The chamber probably needn’t worry. Only five bills on the chamber’s 30-bill list made it to the governor last year and he vetoed all but one of them. Although the GOP is a distinct minority in the Legislature, this year’s batch of bills, all of them introduced by Democrats, will likely suffer a similar fate.
The first known use of the term “job killer” in a newspaper nationally may have been a 1922 Los Angeles Times headline about the wrong type of corporate boss: “Description of an Efficient Job Killer.” It has been evoked sporadically ever since in the service of various causes, but has in modern times become the epithet of choice by defenders of unfettered corporate and business activity.
A study out of the University of Northern Iowa makes the case that the expression, at least since 1984, has been inappropriately applied. Analyzing 381 “job killer” stories that were published by the Washington Post, the New York Times, the Wall Street Journal and the Associated Press, the study concluded that fewer than 10% justified use of the term, which was often contained in a source’s quote.

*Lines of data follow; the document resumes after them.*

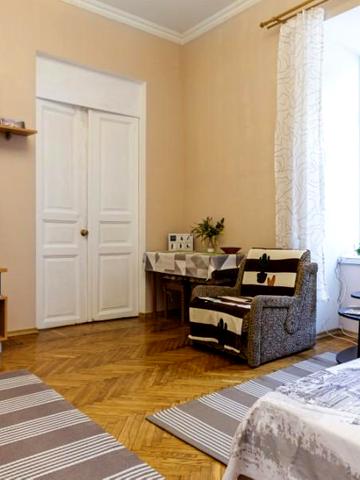 Тихая квартира возле Оперного театра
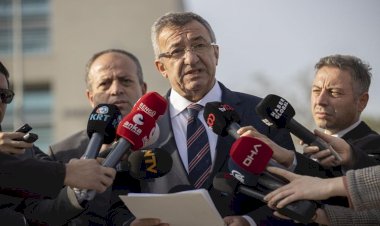 CHP Sansür Yasası'nı AYM’ye taşıdı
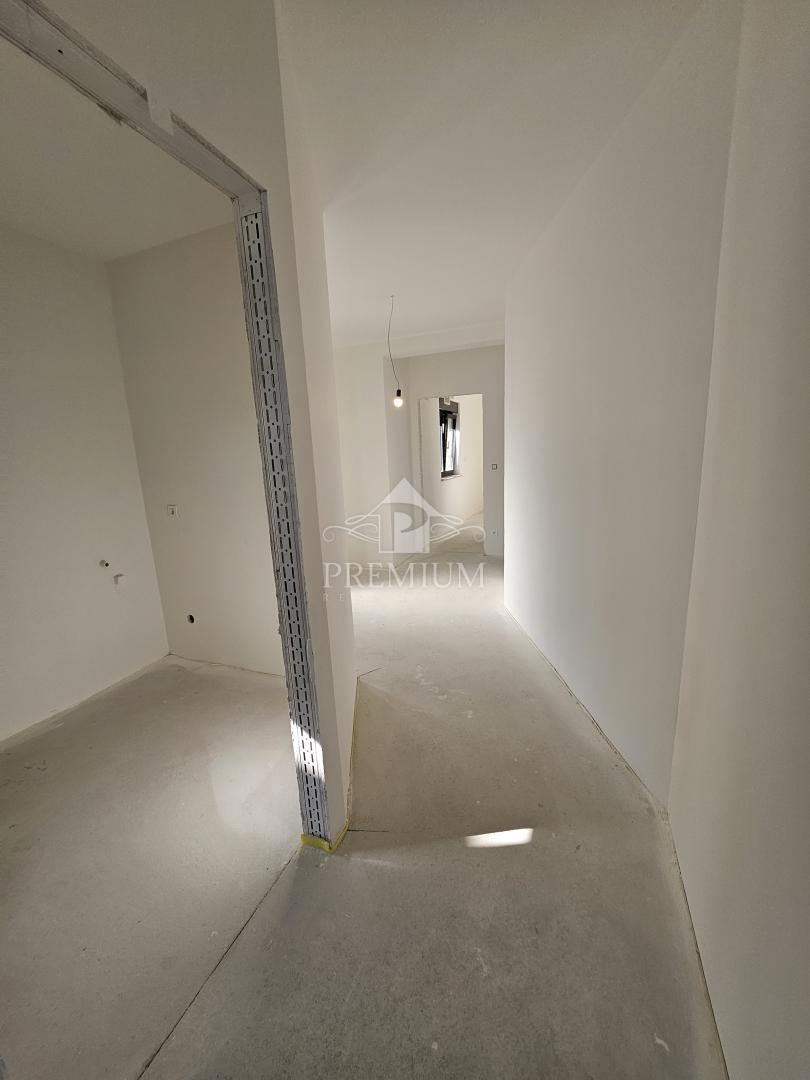 APARTMA Z BAZENOM IN RAZGLEDOM, PARKIRIŠČE, ZGRAJENO 2025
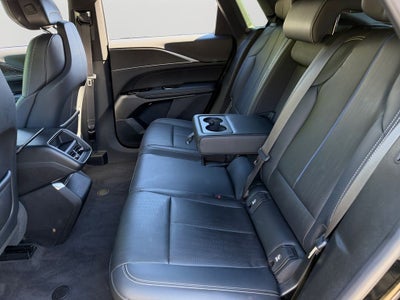 2024 Cadillac LYRIQ Luxury / One Owner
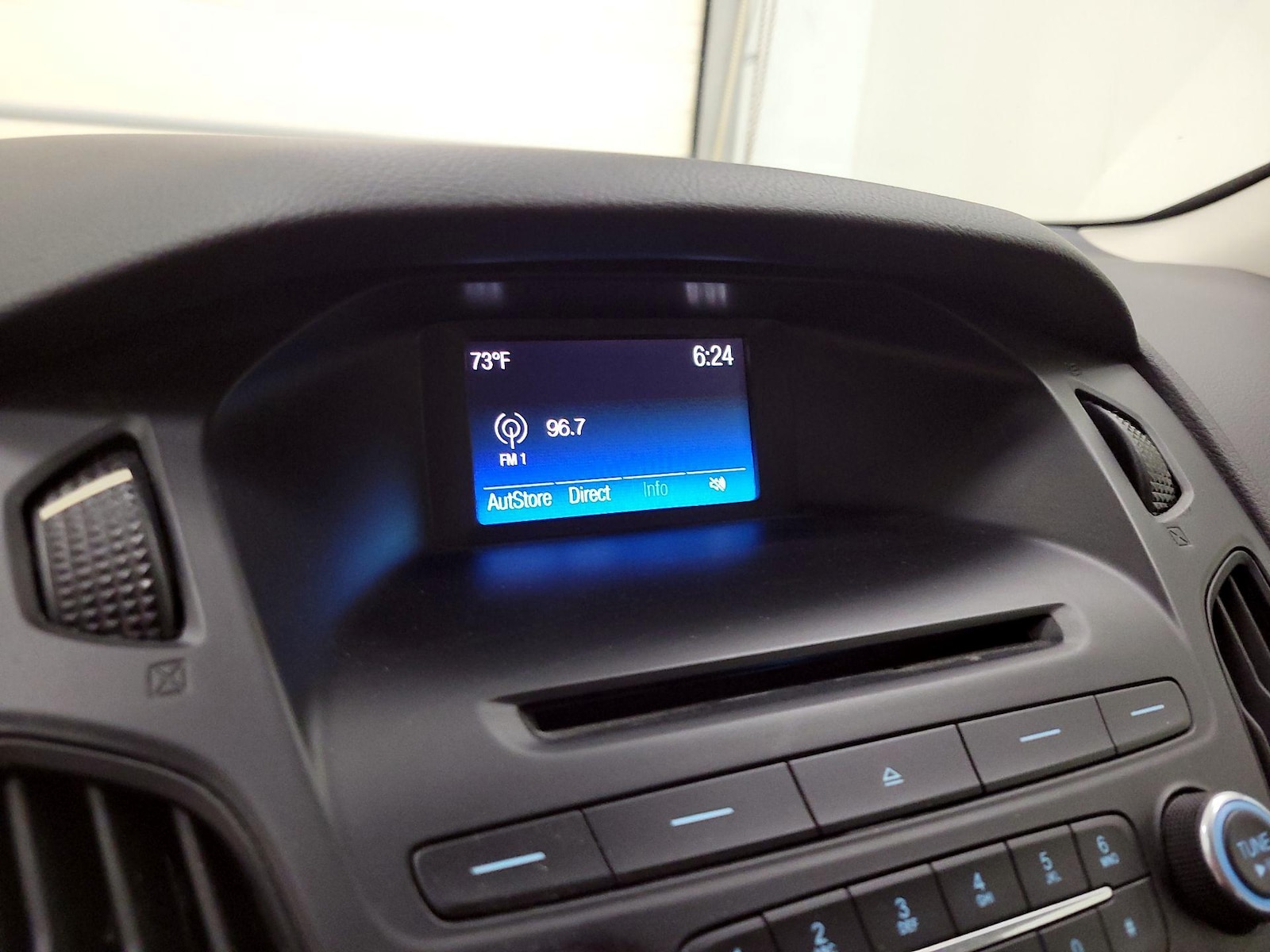 2016 Ford Focus SE - Photo 16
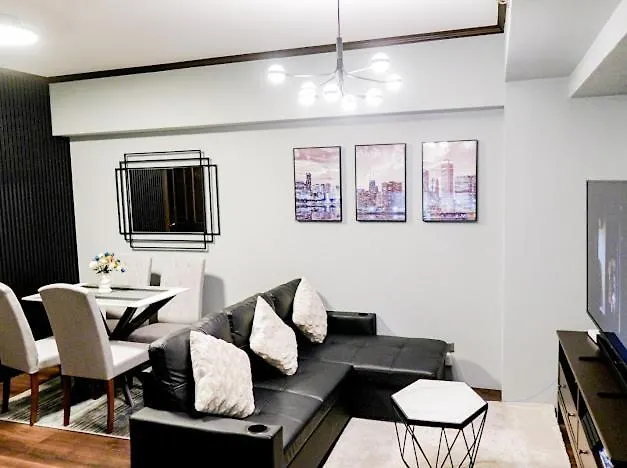 Lmk Staycation La Verti Residences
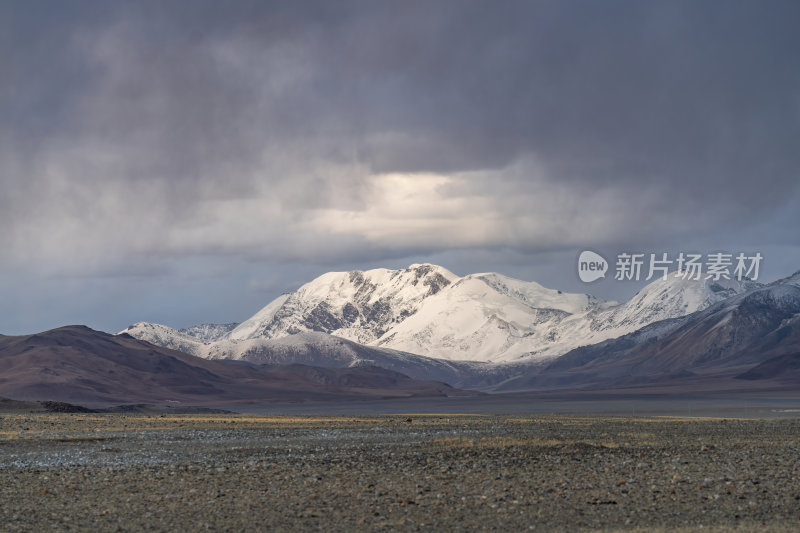 西藏那曲雪山下的广袤草原高原雪景宁静戈壁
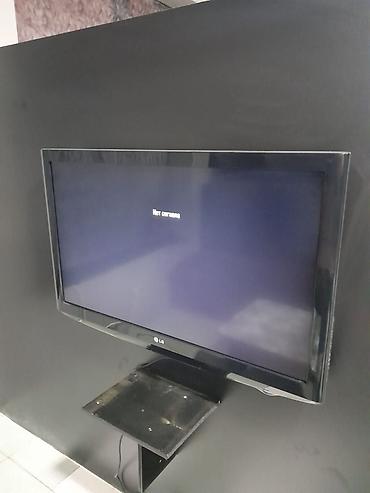 plazma televizor satilir: LG plazma/LCD televizor, diaqonal təxminən 40–42 düym. Nazik çərçivəli — 5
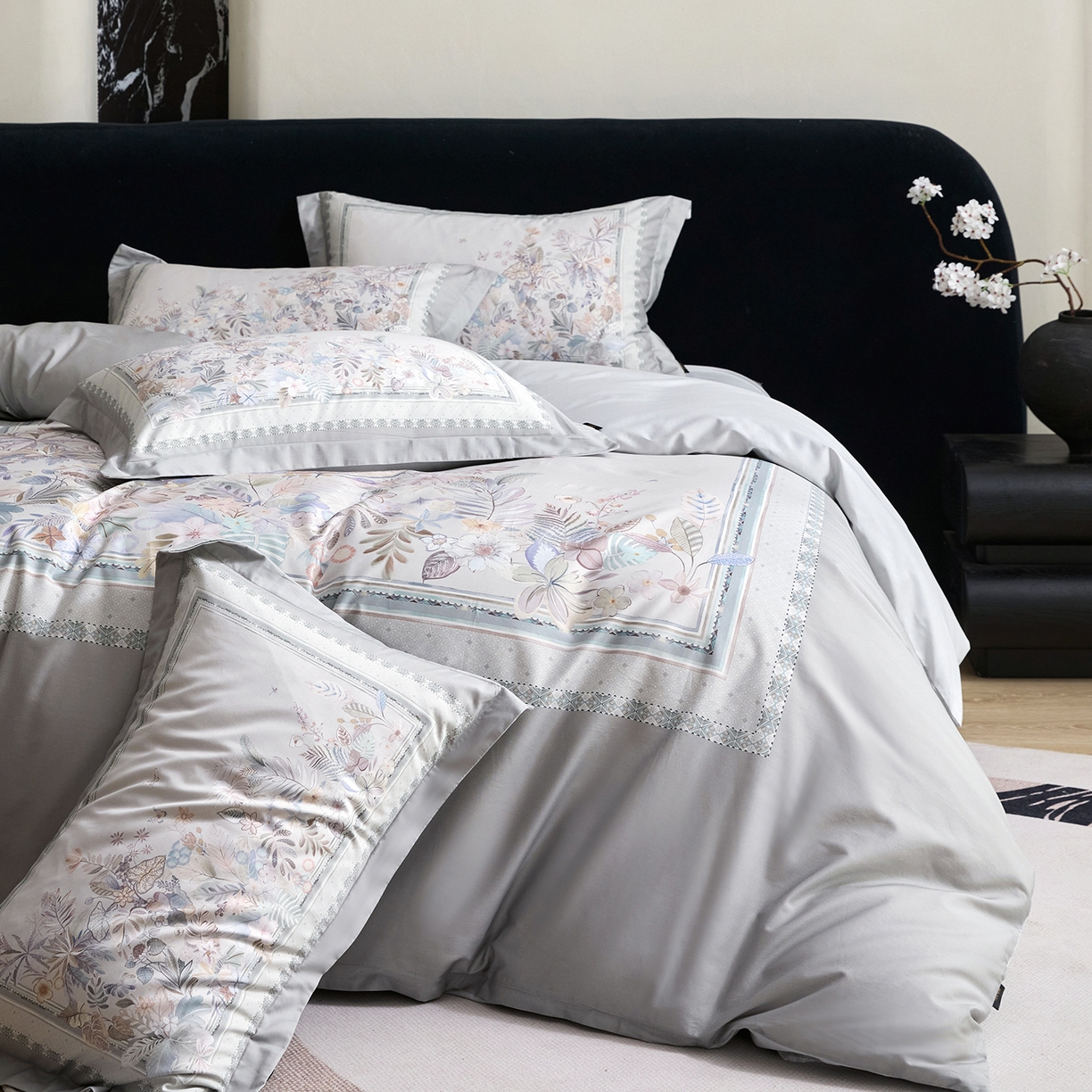 91家纺网 家纺一手货源 找家纺 梧桐树 2026新款60长绒棉平网大版系列四件套 P23梦之瑶灰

“The news media's chronic lack of fact-checking has only encouraged ramped up use of the ‘job killer’ allegation as a political strategy against the Democrats in recent years,” the study says. Although the expression is a favorite of Republicans, Democrats have recently found it a handy way to describe GOP presidential candidate Mitt Romney’s activities as CEO at Bain Financial.
But President Barak Obama’s election has overwhelmingly supplied the impetus for “job killers” use. It was used 16 times during the first three years of President George W. Bush’s administration and 201 times during the first three years of Obama’s.
The Wall Street Journal was the most likely to use “job killer” as conventional wisdom with no attribution. The media failed to cite any evidence for a claim that a government policy was or would be a “job killer” or quote an authoritative source with any evidence for this claim in 91% of the stories making the allegation.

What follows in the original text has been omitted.